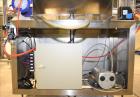 Used Accutek 6 Automatic Vacuum Liquid Filling Line for Glass Containers.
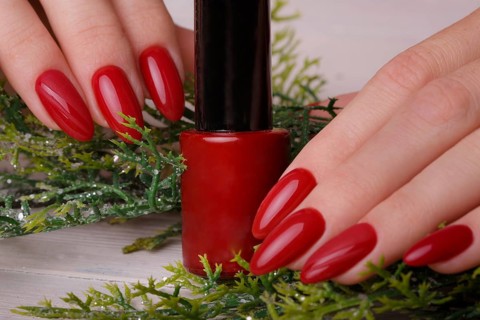 Bright festive red manicure on female hands. Nails design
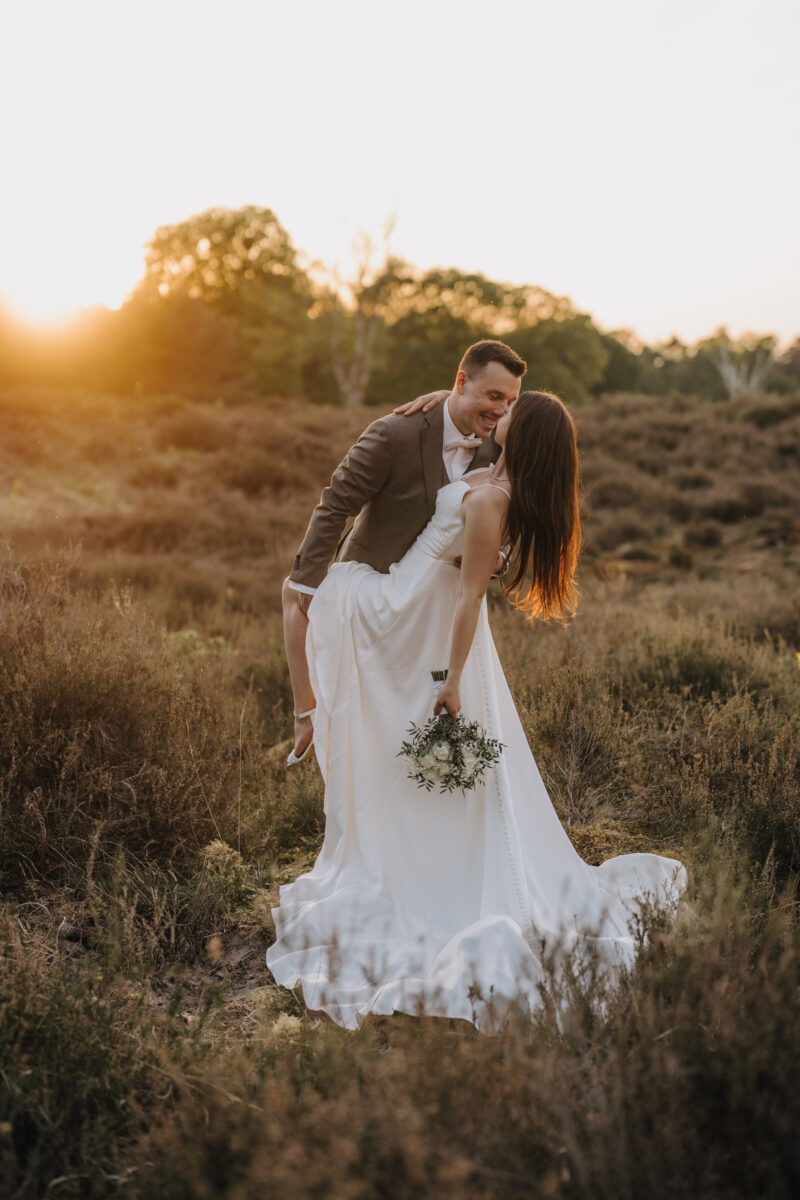 Hochzeitsportfolio, Braut und Bräutigam stehen innerhalb einer grünen Landschaft, die von der Sonne angestrahlt wird. Bräutigam lehnt sie leicht nach hinten und hält ihr Bein. Beide sind sich ganz nah und strahlen sich an.
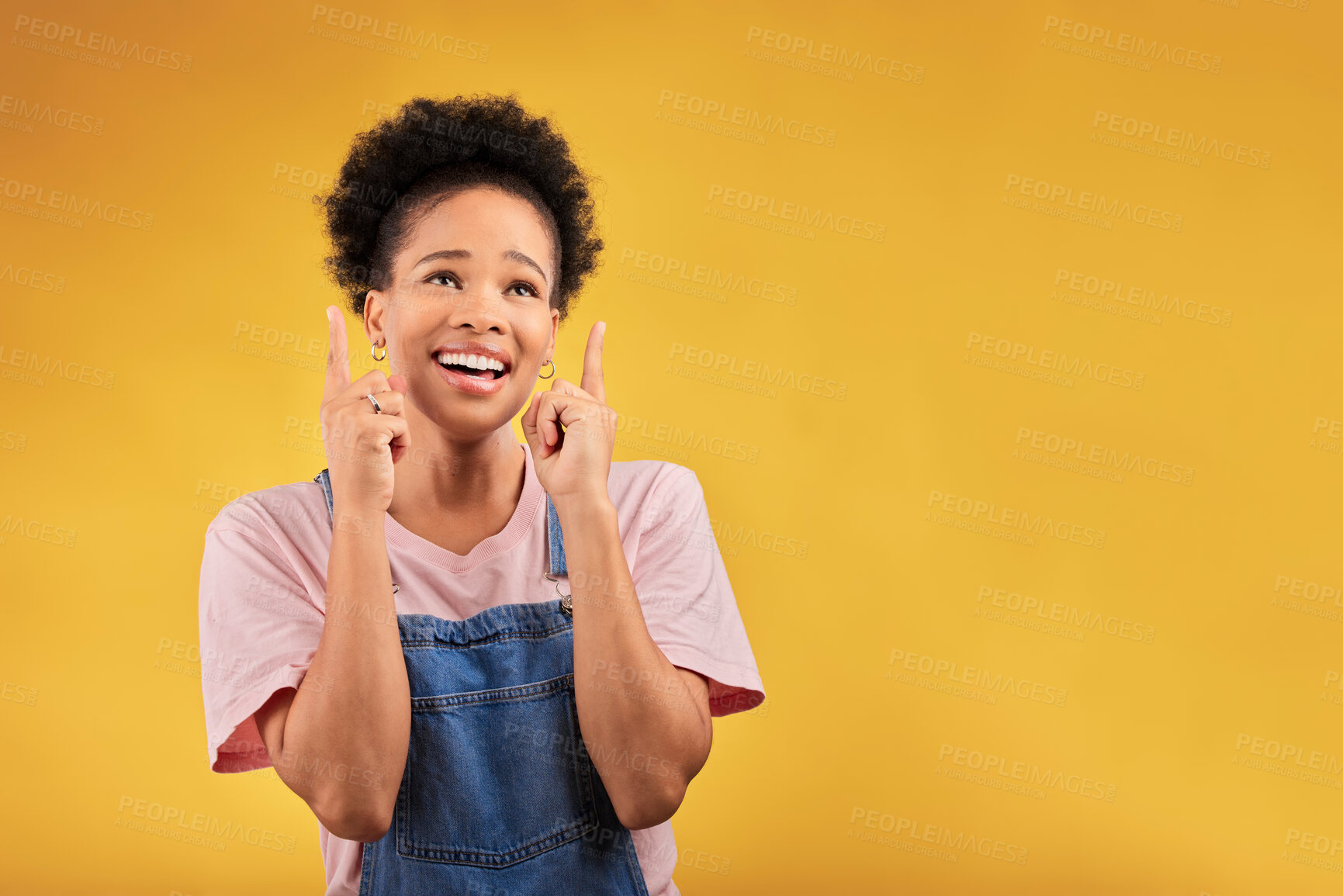 Buy stock photo Smile, pointing and mockup with a black woman on a yellow background in studio for advertising or marketing. Sale, presentation or information with a happy young female brand ambassador showing space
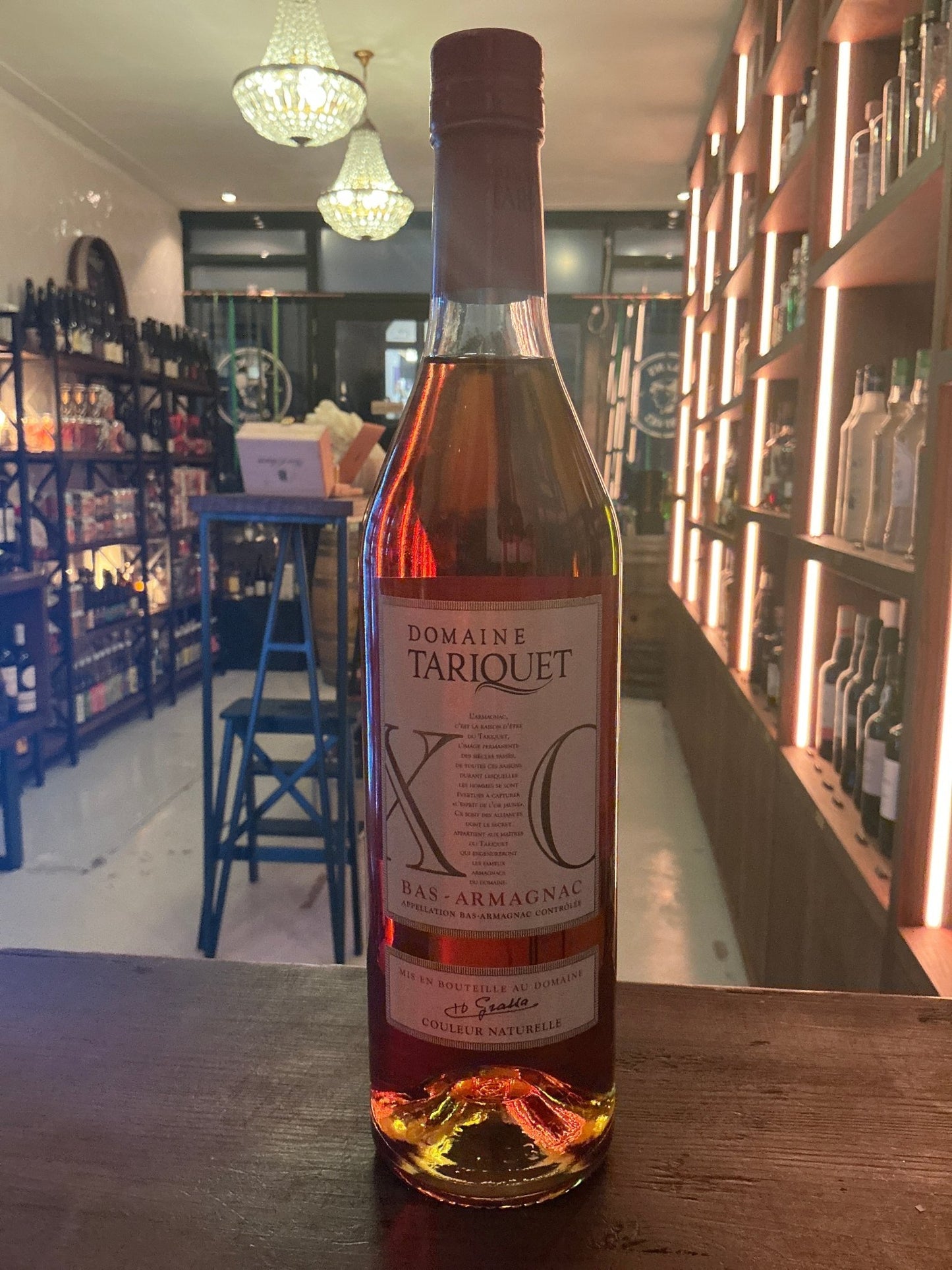 Tall amber glass bottle of Tariquet Bas-Armagnac XO brandy, premium aged and distilled, with a simple cream label and rustic .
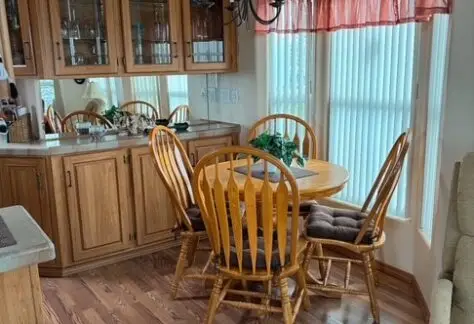 A cozy dining area with a round wooden table, four chairs, a cabinet with glass doors, and a chandelier. The room has wooden flooring and a large window with vertical blinds and red curtains.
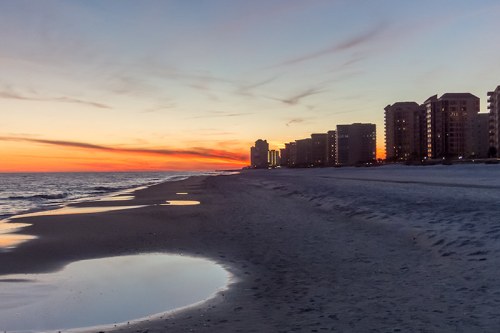 Sunset over a beach with calm waves, reflecting light, and buildings lining the shore in the distance.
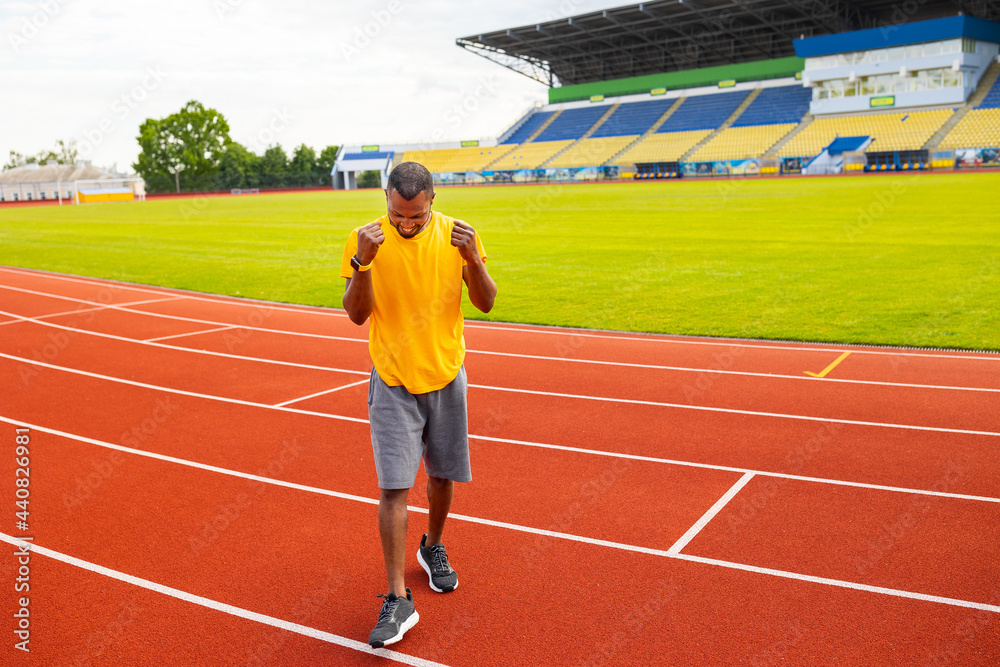 Fototapeta premium Joyful young african american male in sportswear triumphant smiling celebrating goal, match win screaming with joy on the stadium background, happy excited black winner celebrating success victory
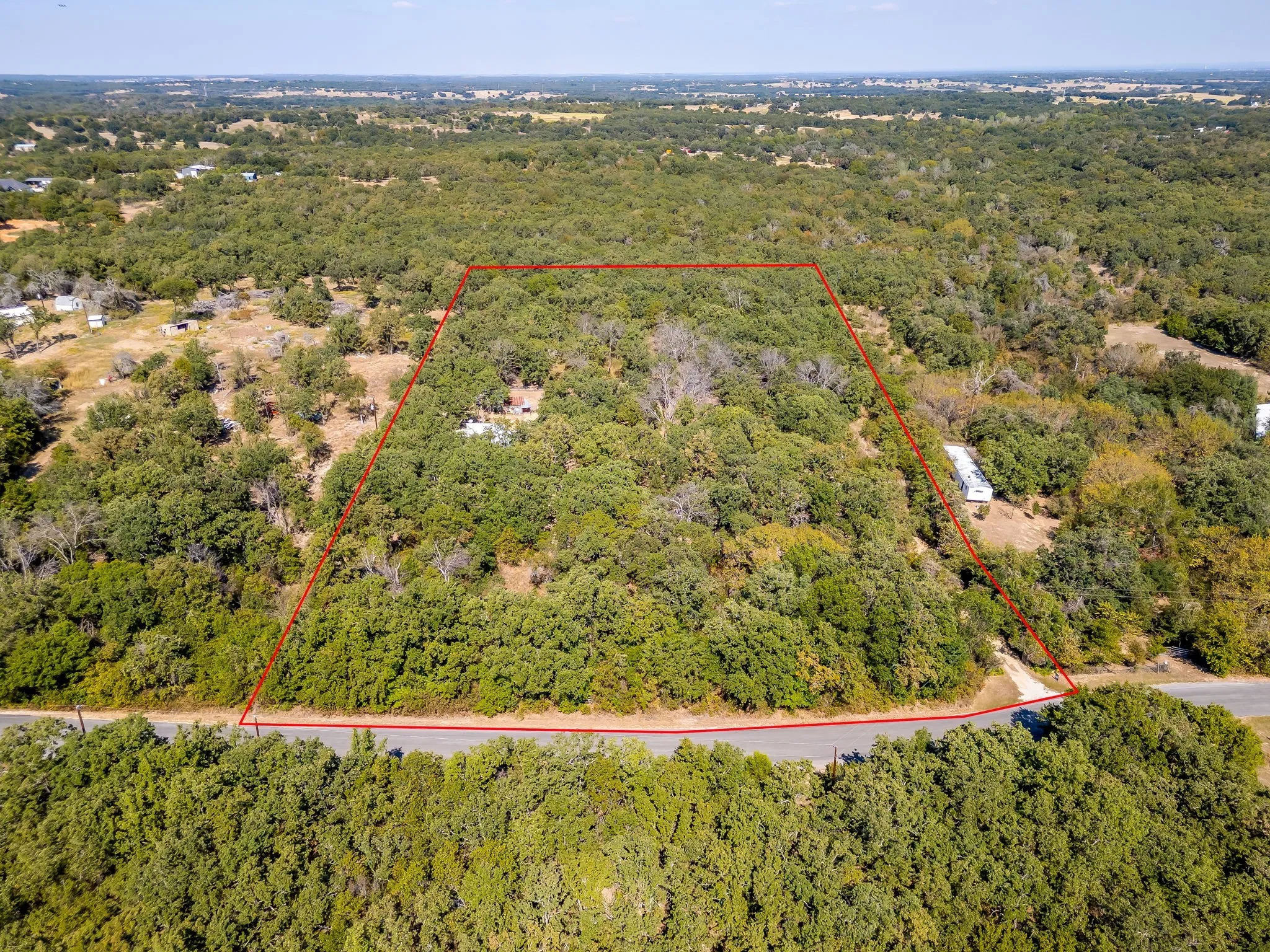 Aerial overview of property's location with property parcel outlined and a forest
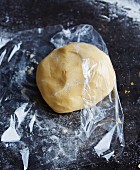 Shortcrust pastry being wrapped in clingfilm for chilling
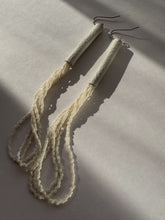Load image into Gallery viewer, Pair of beige thread earrings on a light gray background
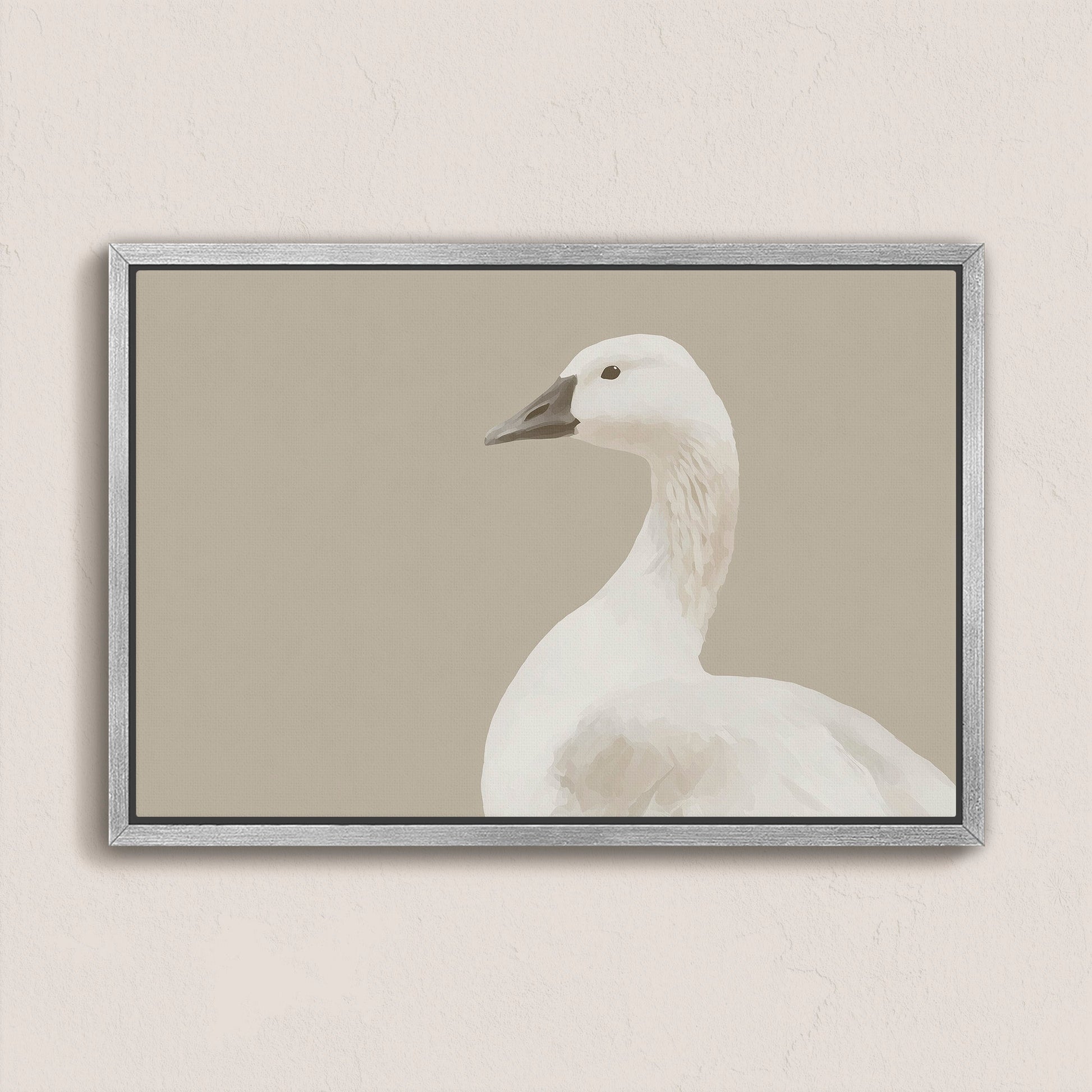 Grace Canvas Print of a white bird in soft cream and beige tones on neutral background, framed in silver, perfect for minimalist and modern decor.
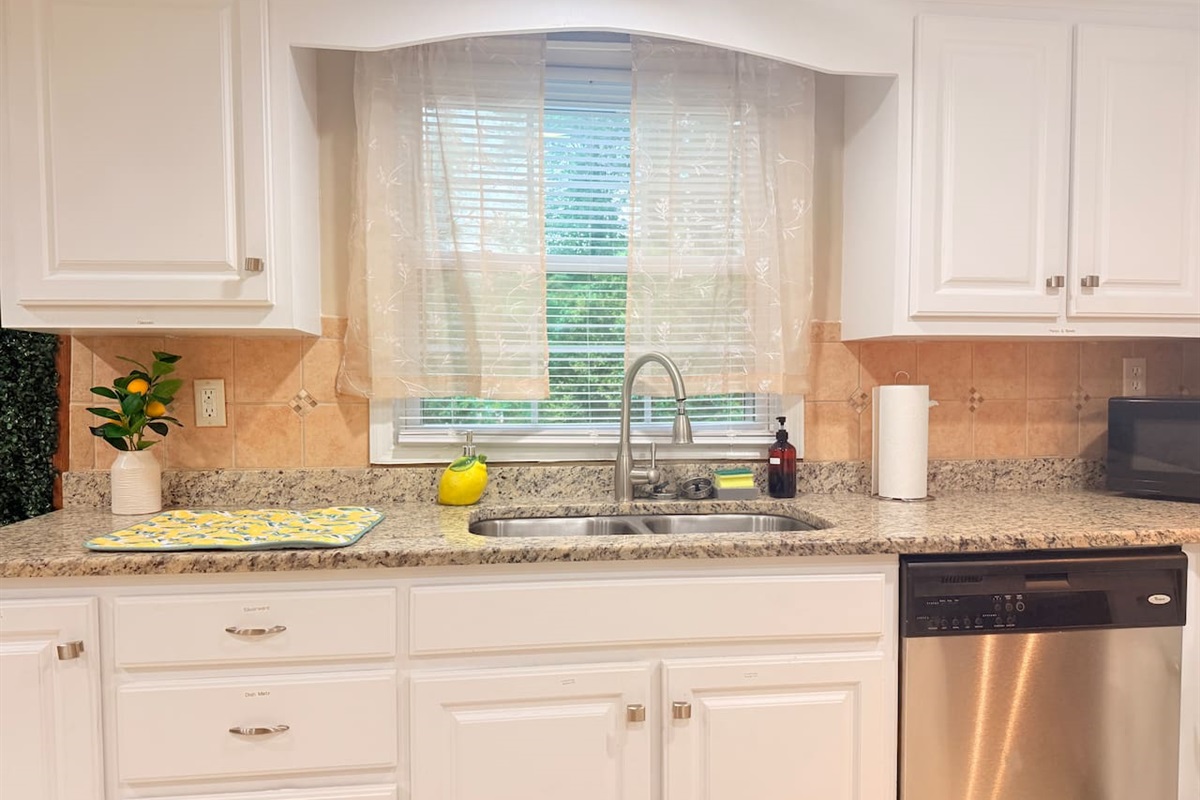Large sink with window view adds brightness and a fresh feel to the kitchen’s prep and clean-up area. 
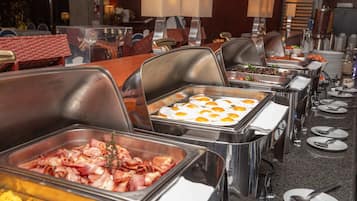 A buffet with various food options including bacon, eggs, and other dishes.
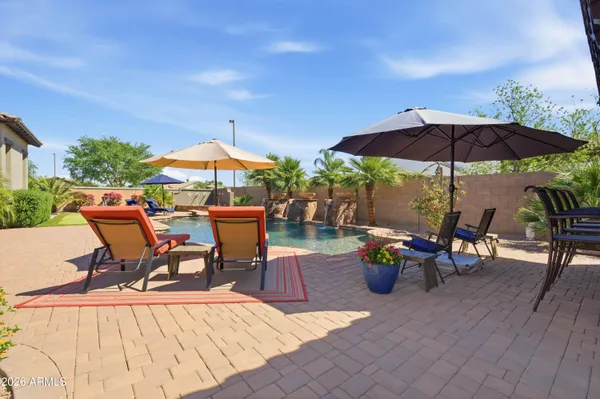 a kitchen with stainless steel appliances granite countertop a sink and stove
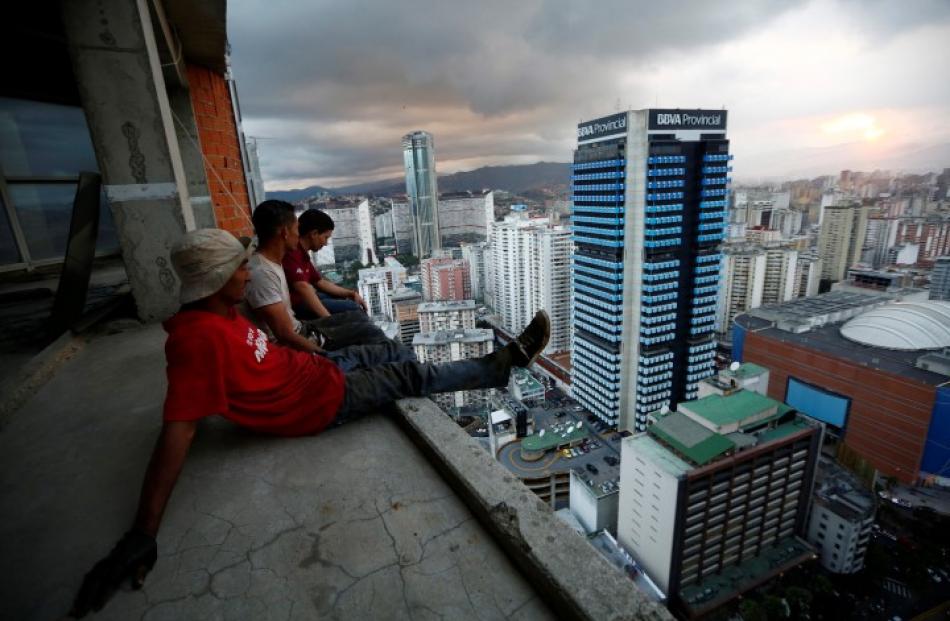 Men rest after salvaging metal on the 30th floor. REUTERS/Jorge Silva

* _ASSIGNMENT_: Starting with the top line, write out all the data above exactly; keep the pictures out.

* _WRITTEN REPLY_:
 Used Accutek 6 Automatic Vacuum Liquid Filling Line for Glass Containers.
 Bright festive red manicure on female hands. Nails design
 Hochzeitsportfolio, Braut und Bräutigam stehen innerhalb einer grünen Landschaft, die von der Sonne angestrahlt wird. Bräutigam lehnt sie leicht nach hinten und hält ihr Bein. Beide sind sich ganz nah und strahlen sich an.
 Buy stock photo Smile, pointing and mockup with a black woman on a yellow background in studio for advertising or marketing. Sale, presentation or information with a happy young female brand ambassador showing space
 Tall amber glass bottle of Tariquet Bas-Armagnac XO brandy, premium aged and distilled, with a simple cream label and rustic .
 A cozy dining area with a round wooden table, four chairs, a cabinet with glass doors, and a chandelier. The room has wooden flooring and a large window with vertical blinds and red curtains.
 Sunset over a beach with calm waves, reflecting light, and buildings lining the shore in the distance.
 Fototapeta premium Joyful young african american male in sportswear triumphant smiling celebrating goal, match win screaming with joy on the stadium background, happy excited black winner celebrating success victory
 Aerial overview of property's location with property parcel outlined and a forest
 Shortcrust pastry being wrapped in clingfilm for chilling
Load image into Gallery viewer, Pair of beige thread earrings on a light gray background
 Grace Canvas Print of a white bird in soft cream and beige tones on neutral background, framed in silver, perfect for minimalist and modern decor.
Large sink with window view adds brightness and a fresh feel to the kitchen’s prep and clean-up area. 
 A buffet with various food options including bacon, eggs, and other dishes.
 a kitchen with stainless steel appliances granite countertop a sink and stove
 Men rest after salvaging metal on the 30th floor. REUTERS/Jorge Silva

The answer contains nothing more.